Is there analog of memset in go?
According to this bug titled "optimize memset idiom" there is no way to do this in Go other than with a loop. The issue was closed on 9 Jan 2013 with this post
I consider this fixed. Optimizing non-zero cases isn't very interesting.
We can open another bug if people feel strongly about doing more.
So the solution is to use a loop as already covered by icza.
There is bytes.Repeat but that also just uses a loop:
func Repeat(b []byte, count int) []byte {
nb := make([]byte, len(b)*count)
bp := copy(nb, b)
for bp < len(nb) {
copy(nb[bp:], nb[:bp])
bp *= 2
}
return nb
}
The simplest solution with a loop would look like this:
func memsetLoop(a []int, v int) {
for i := range a {
a[i] = v
}
}
There is no memset
support in the standard library, but we can make use of the built-in copy()
which is highly optimized.
With repeated copy()
We can set the first element manually, and start copying the already set part to the unset part using copy()
; where the already set part gets bigger and bigger every time (doubles), so the number of iterations is log(n)
:
func memsetRepeat(a []int, v int) {
if len(a) == 0 {
return
}
a[0] = v
for bp := 1; bp < len(a); bp *= 2 {
copy(a[bp:], a[:bp])
}
}
This solution was inspired by the implementation of bytes.Repeat()

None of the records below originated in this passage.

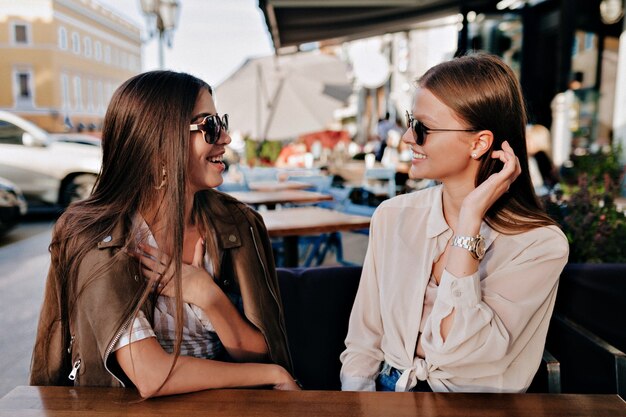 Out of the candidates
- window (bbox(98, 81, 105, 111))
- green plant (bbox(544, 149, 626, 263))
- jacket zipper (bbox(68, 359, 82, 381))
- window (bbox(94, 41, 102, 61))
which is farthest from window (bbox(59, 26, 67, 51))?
jacket zipper (bbox(68, 359, 82, 381))

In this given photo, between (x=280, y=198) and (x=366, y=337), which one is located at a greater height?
(x=280, y=198)

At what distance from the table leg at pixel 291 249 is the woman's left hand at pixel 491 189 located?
8.02 ft

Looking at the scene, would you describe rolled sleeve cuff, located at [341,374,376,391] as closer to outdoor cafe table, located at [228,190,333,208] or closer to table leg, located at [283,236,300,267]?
table leg, located at [283,236,300,267]

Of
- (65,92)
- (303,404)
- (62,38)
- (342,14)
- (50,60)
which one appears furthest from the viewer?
(65,92)

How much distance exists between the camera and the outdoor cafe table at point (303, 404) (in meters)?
1.09

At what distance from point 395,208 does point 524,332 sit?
59cm

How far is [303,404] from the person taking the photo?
111cm

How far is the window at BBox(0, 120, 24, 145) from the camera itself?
29.8 ft

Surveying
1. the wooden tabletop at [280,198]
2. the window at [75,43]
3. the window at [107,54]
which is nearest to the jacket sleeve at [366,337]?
the wooden tabletop at [280,198]

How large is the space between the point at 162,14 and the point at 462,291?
7.45 m

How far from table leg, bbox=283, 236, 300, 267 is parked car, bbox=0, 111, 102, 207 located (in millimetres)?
6459

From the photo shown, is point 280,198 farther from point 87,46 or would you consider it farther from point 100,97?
point 100,97

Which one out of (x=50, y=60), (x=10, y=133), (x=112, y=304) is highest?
(x=50, y=60)

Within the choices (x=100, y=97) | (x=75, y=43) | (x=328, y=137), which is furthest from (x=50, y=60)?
(x=328, y=137) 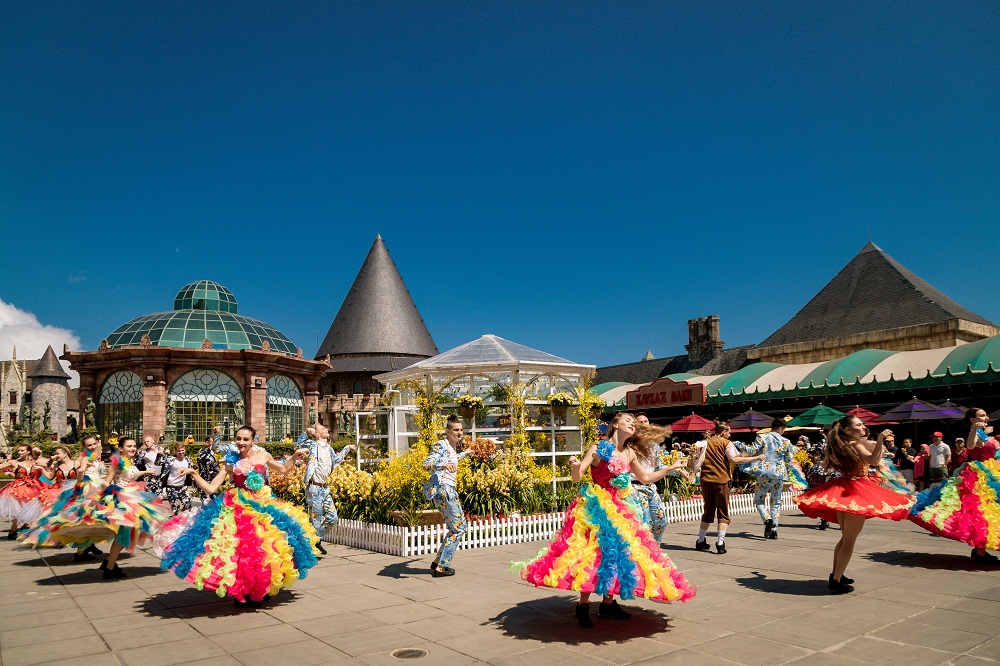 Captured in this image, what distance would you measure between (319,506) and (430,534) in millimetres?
1681

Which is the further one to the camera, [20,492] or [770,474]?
[20,492]

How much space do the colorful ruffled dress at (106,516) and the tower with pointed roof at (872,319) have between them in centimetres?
3844

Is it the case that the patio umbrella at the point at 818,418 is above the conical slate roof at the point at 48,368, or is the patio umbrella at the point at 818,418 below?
below

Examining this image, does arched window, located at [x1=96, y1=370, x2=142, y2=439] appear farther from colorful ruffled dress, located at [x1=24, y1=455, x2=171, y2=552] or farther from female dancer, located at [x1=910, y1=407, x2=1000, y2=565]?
female dancer, located at [x1=910, y1=407, x2=1000, y2=565]

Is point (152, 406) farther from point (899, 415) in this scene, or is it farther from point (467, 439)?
point (899, 415)

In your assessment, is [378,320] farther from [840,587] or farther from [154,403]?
[840,587]

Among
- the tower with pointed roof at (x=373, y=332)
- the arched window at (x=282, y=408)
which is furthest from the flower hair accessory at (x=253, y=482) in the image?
the tower with pointed roof at (x=373, y=332)

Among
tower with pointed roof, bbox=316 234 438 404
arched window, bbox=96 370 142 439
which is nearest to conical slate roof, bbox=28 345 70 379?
tower with pointed roof, bbox=316 234 438 404

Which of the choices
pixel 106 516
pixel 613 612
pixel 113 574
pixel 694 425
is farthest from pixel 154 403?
pixel 613 612

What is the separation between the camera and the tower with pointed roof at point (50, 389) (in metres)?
76.5

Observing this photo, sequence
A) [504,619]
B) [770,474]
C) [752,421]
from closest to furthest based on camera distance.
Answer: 1. [504,619]
2. [770,474]
3. [752,421]

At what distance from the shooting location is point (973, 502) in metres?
8.48

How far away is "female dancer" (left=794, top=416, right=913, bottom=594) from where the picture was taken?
6.97m

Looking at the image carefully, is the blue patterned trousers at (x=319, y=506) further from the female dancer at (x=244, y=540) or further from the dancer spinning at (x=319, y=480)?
the female dancer at (x=244, y=540)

. If you just want to create a new []byte
filled with the same values, you can use the bytes.Repeat()
function. You can't use that for an existing slice or slices other than []byte
, for that you can use the presented memsetRepeat()
.
In case of small slices memsetRepeat()
may be slower than memsetLoop()
(but in case of small slices it doesn't really matter, it will run in an instant).
Due to using the fast copy()
, memsetRepeat()
will be much faster if the number of elements grows.
Benchmarking these 2 solutions:
var a = make([]int, 1000) // Size will vary
func BenchmarkLoop(b *testing.B) {
for i := 0; i < b.N; i++ {
memsetLoop(a, 10)
}
}
func BenchmarkRepeat(b *testing.B) {
for i := 0; i < b.N; i++ {
memsetRepeat(a, 11)
}
}
Benchmark results
100 elements: ~1.15 times faster
BenchmarkLoop 20000000 81.6 ns/op
BenchmarkRepeat 20000000 71.0 ns/op
1,000 elements: ~2.5 times faster
BenchmarkLoop 2000000 706 ns/op
BenchmarkRepeat 5000000 279 ns/op
10,000 elements: ~2 times faster
BenchmarkLoop 200000 7029 ns/op
BenchmarkRepeat 500000 3544 ns/op
100,000 elements: ~1.5 times faster
BenchmarkLoop 20000 70671 ns/op
BenchmarkRepeat 30000 45213 ns/op
The highest performance gain is around 3800-4000 elements where it is ~3.2 times faster.